2. Think of alternate communication. Make sure your family knows which method of communication will be used, and in what order. For example, the first line of communication is cell phone, followed by text, followed by….you get the point. This will ensure family members know how – and more importantly where – to look for emergency messages from loved ones. Also, think of alternate communications, unconventional methods of communicating with loved ones, such as:

  • Text: Text messages require far less bandwidth than phone calls, and even when the ominous “all circuits are busy” recording comes on, texts will still work as they operate on a parallel network to cell phones.
  • Email: Don’t discount sending e-mails during emergency situations as a valid method of communication. Email servers are located globally, and it’s unlikely they will all be dead at the same time. But where do you get internet access if cell phone service is dead? Oftentimes, WiFi service will still be up and running, since the cables used for hard wired Internet operate on different networks than cell phones. For most WiFi, you don’t even need to be in the building to access the service.
  • Social Media: Social media is similar to email in that it is hosted on a network of global servers which gives it amazing redundancy and fault tolerance.
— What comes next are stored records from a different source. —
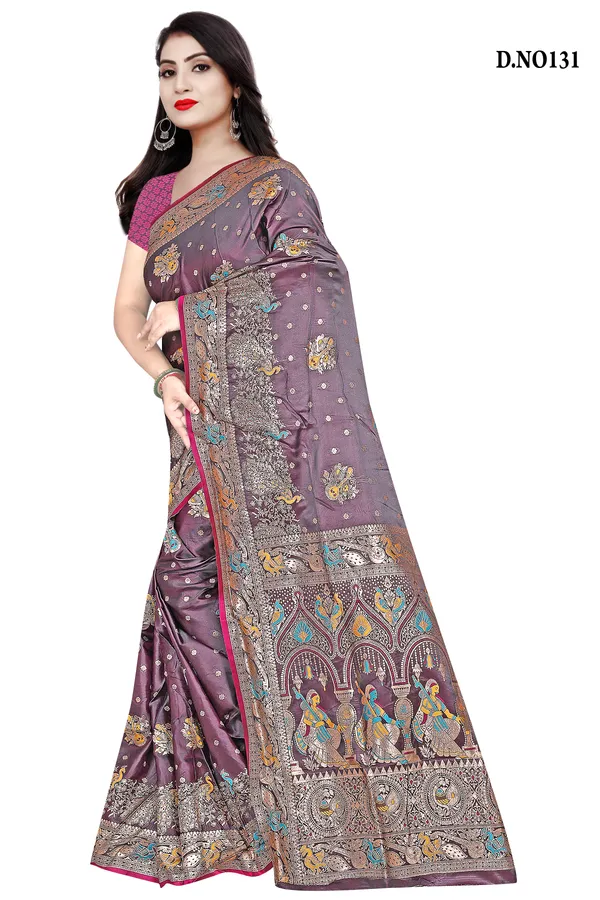 wine_Zari_Border_Banarasi_Saree_with_running_blouse_For_Women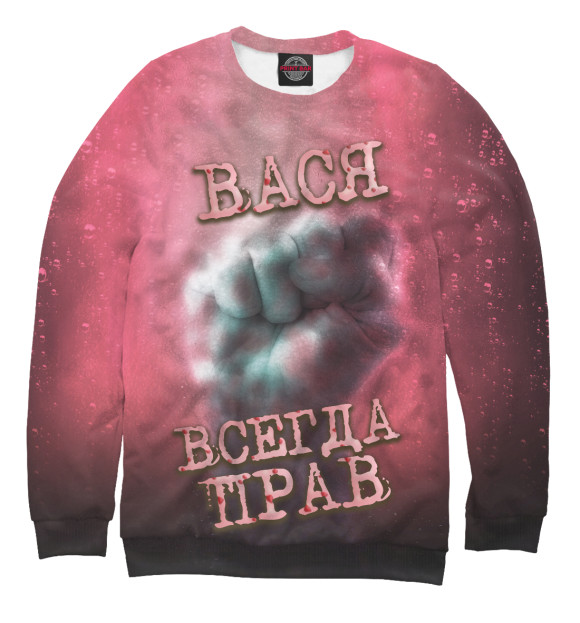 Мужской свитшот с изображением Вася всегда прав цвета Белый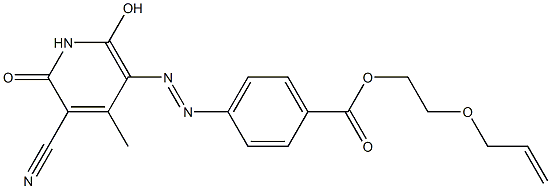 p-(5-Cyano-2-hydroxy-4-methyl-6-oxo-1,6-dihydropyridin-3-ylazo)benzoic acid 2-allyloxyethyl ester Structure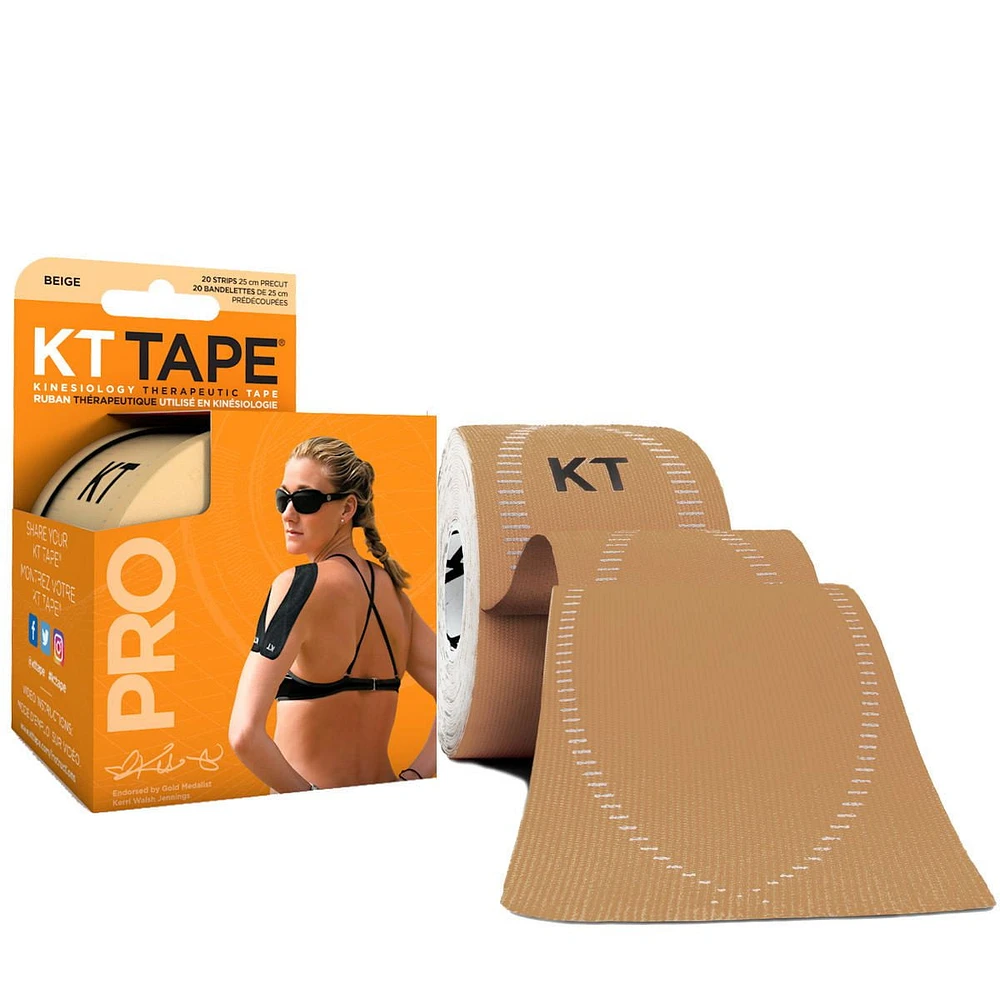 KT TAPE PRO Beige Therapeutic Kinesiology Sports Tape, 20 Strips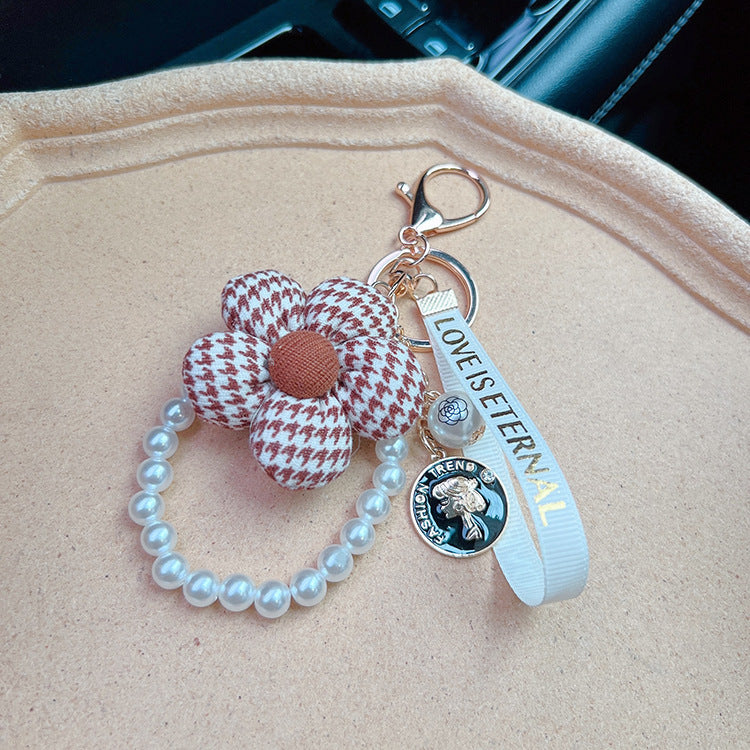 Wholesale Cartoon Milk Coffee Pearl Cloth Flower Keychains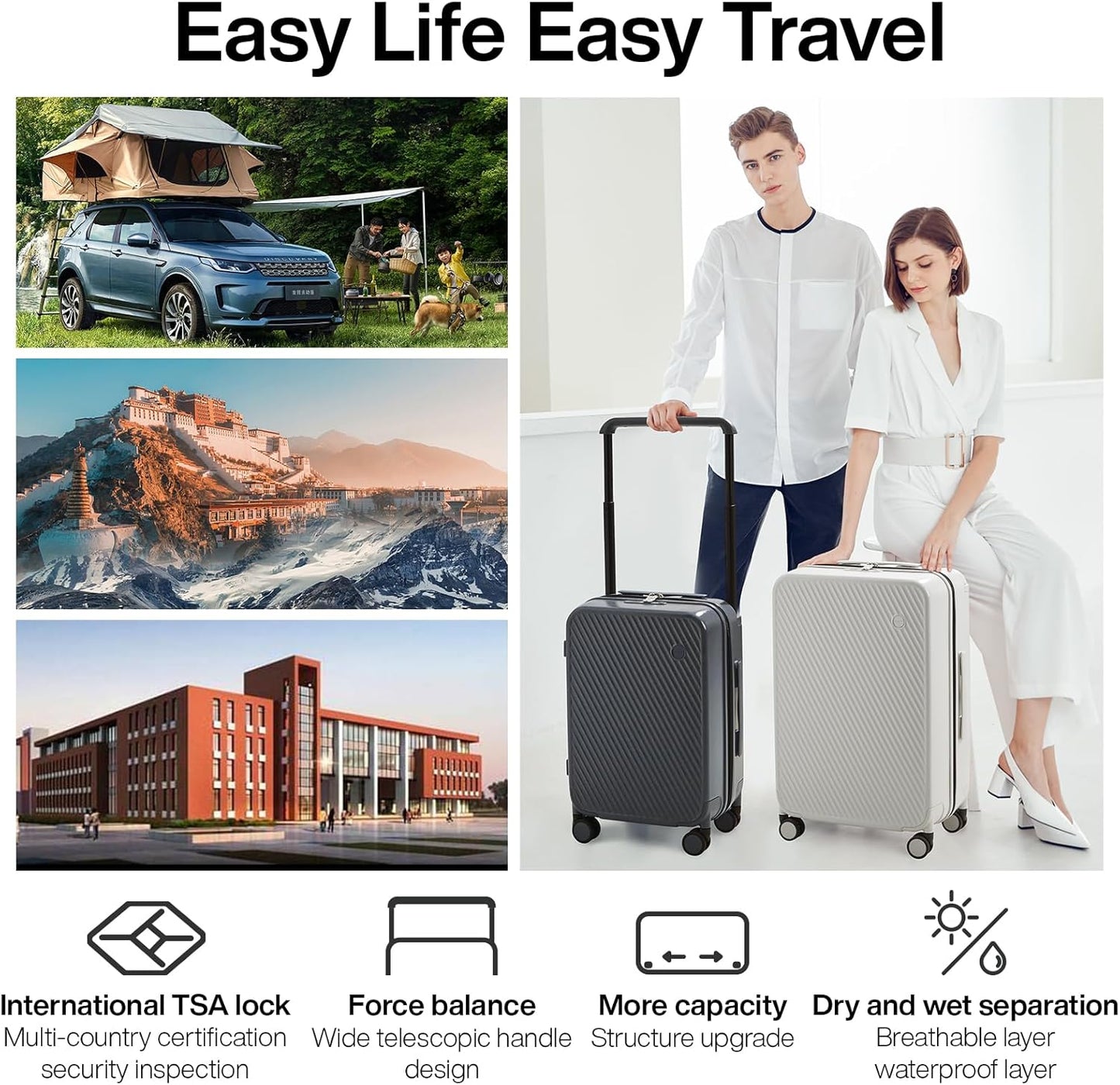 mixi Large Capacity Expandable Luggage Suitcases With Spinner Wheels,Upgrade Wide Handle PC Hardshell Rolling Travel Suitcase with TSA Lock, Checked-Medium 24-Inch, Rock Gray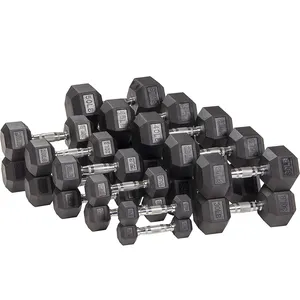 Lapisan Karet Besi Cor Hitam Karet Terbungkus Disesuaikan Gym Rumah Kebugaran Heksagon Hex Dumbbell Set dengan Pegangan Logam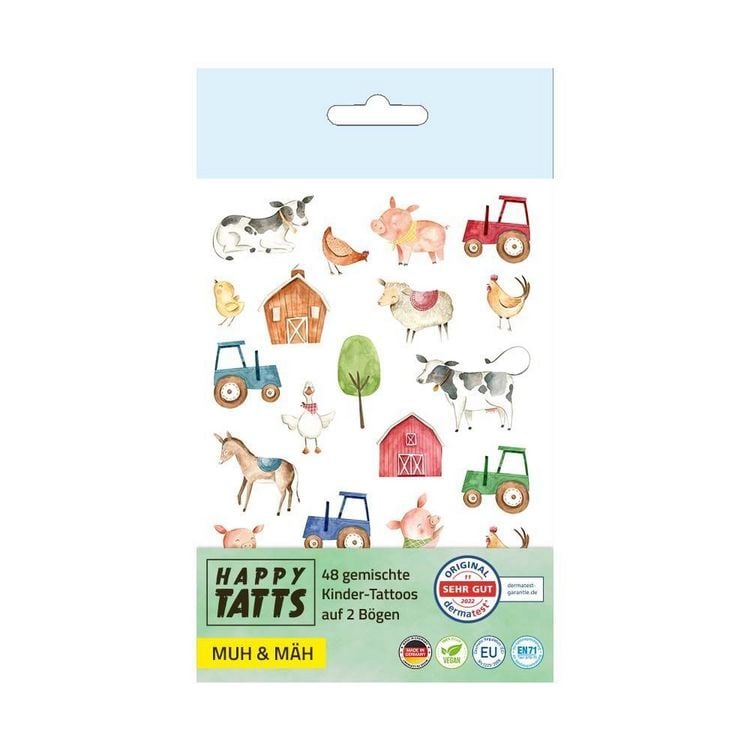 Produktbild: HAPPY TATTS, Kinder-Tattoos, 'Muh & M&auml;h' (48 Stk.)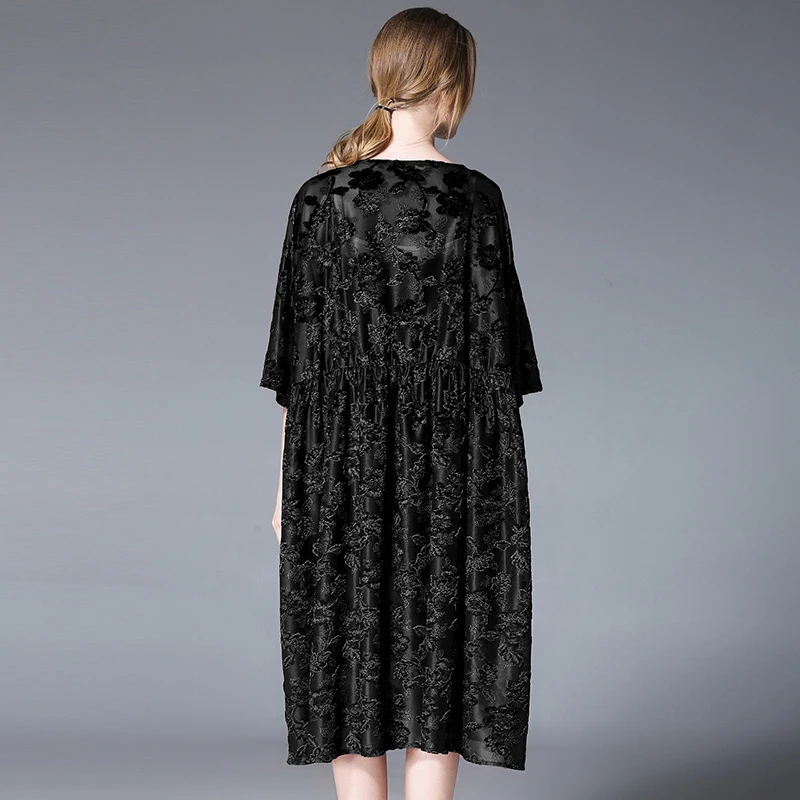 

Plus size dresses large sizes women casual loose Velvet flowers dress high waist crew neck spring long dress oversize two-piece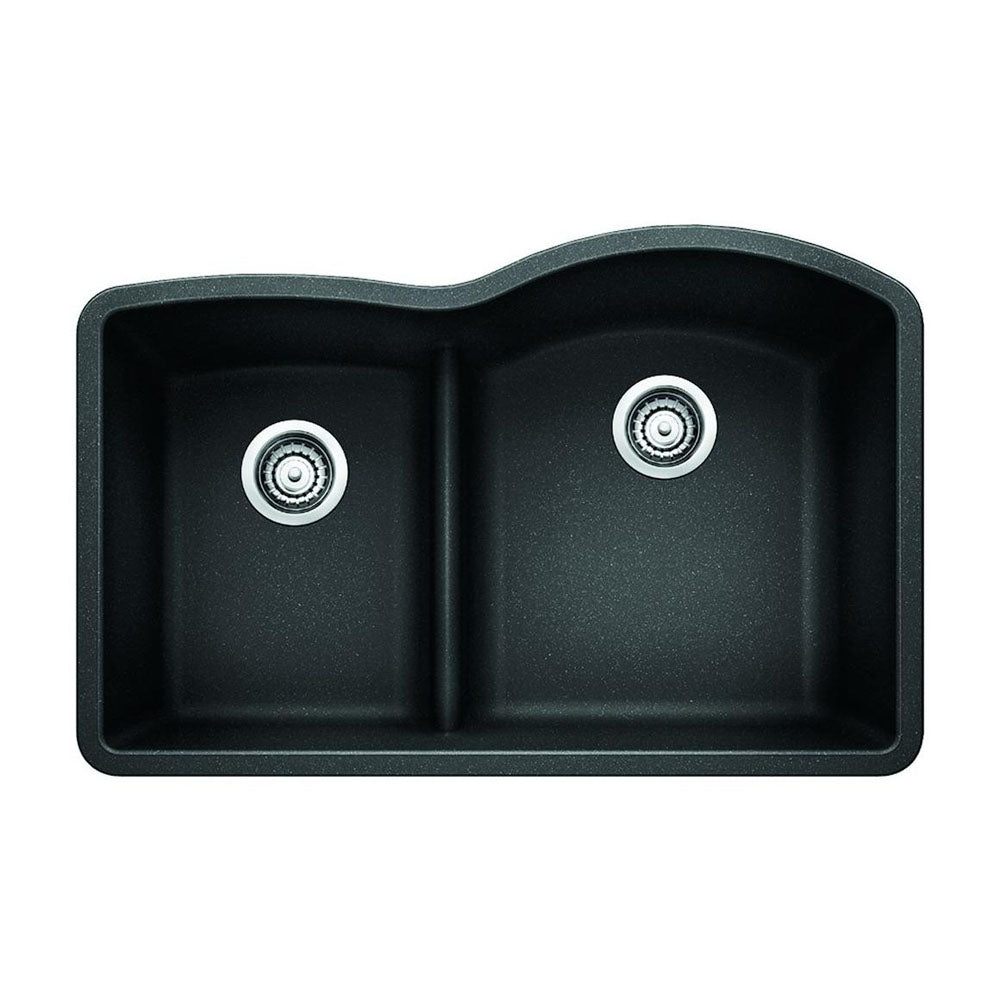 Anthracite DIAMOND SILGRANIT 40/60 Double Bowl Undermount Kitchen Sink, 32" X 21"
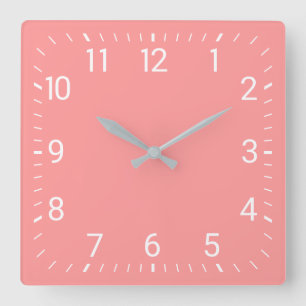 Pink Square Wall Clock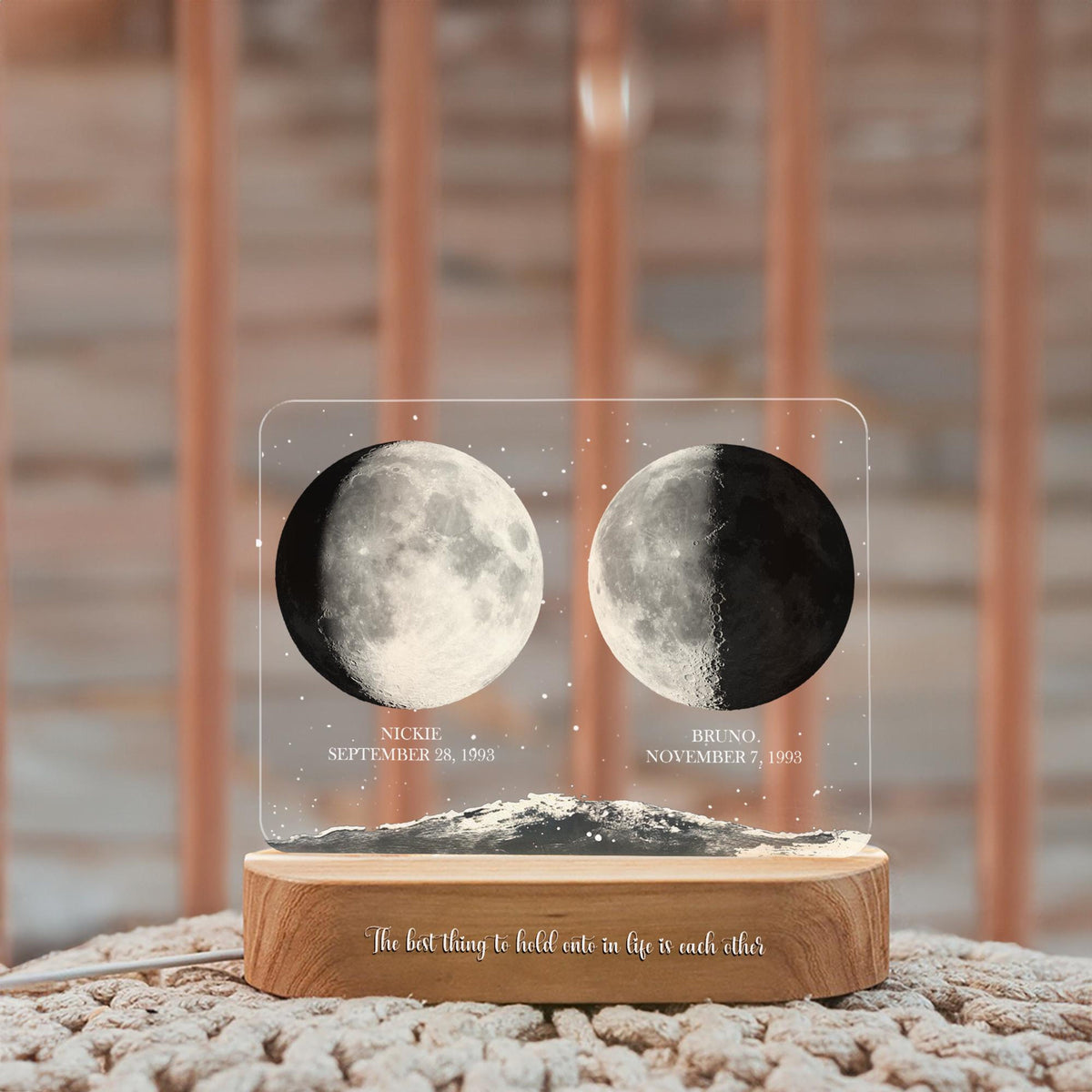 Personalized Moon Phases Couple Night Light, Custom Moon Phase, Anniversary Gift, Gift For Couple, Engagement Gifts, Married Couple Gift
It’s easy to post Facebook or Twitter messages to your family members as a backup to the backup in case of an emergency.

Okay, so none of these methods work, and your cell phone is dead as a doornail — no texts, no email, no social media. What now? Here are a couple alternate methods to try:

3. Phone Booths: Yes, they still exist, and most of them are on landlines, which are inherently reliable; most landlines have been operational for nigh on 80 years. There are even apps online that tell you where phone booths are located. Make sure you carry change for that purpose.

4. HAM Radio: If the situation has gotten really nasty, ham radio is a great solution. Not only can your average five watt handset achieve 10+ miles of range on flat ground, using a repeater, a ham radio can reach halfway across the country. Tell your family in advance what frequencies you can be reached on, and what times you will be listening (eg. every hour on the hour, every quarter hour, etc.). Also, make sure and carry a repeater guide for your area with you rather than relying on the programming in the radio or even data stored on your cell phone.

Communicating with your loved ones during an emergency doesn’t need to be difficult or scary. With a little pre-planning, you can feel safe and secure even when others are panicking.

© 2008-2014 Off The Grid News

7 comments

  1. To operate on Ham Radio frequencies you must have an FCC Ham Radio license. If non-license holders were to flood the air waves then the Ham Radio frequencies would become as chaotic as the CB frequencies which are not even mentioned in this article for this very reason. The FCC now has equipment that can record the location of every radio transmission and tag it with an electronic finger print – this technology was not available a decade ago. If you want to operate on Ham Radio frequencies then study and earn your privilege to operate there by obtaining a Ham Radio license and Morse code is not required for at least one level of license. I learned Morse code listening to cassette tapes – I f I can do it anyone can.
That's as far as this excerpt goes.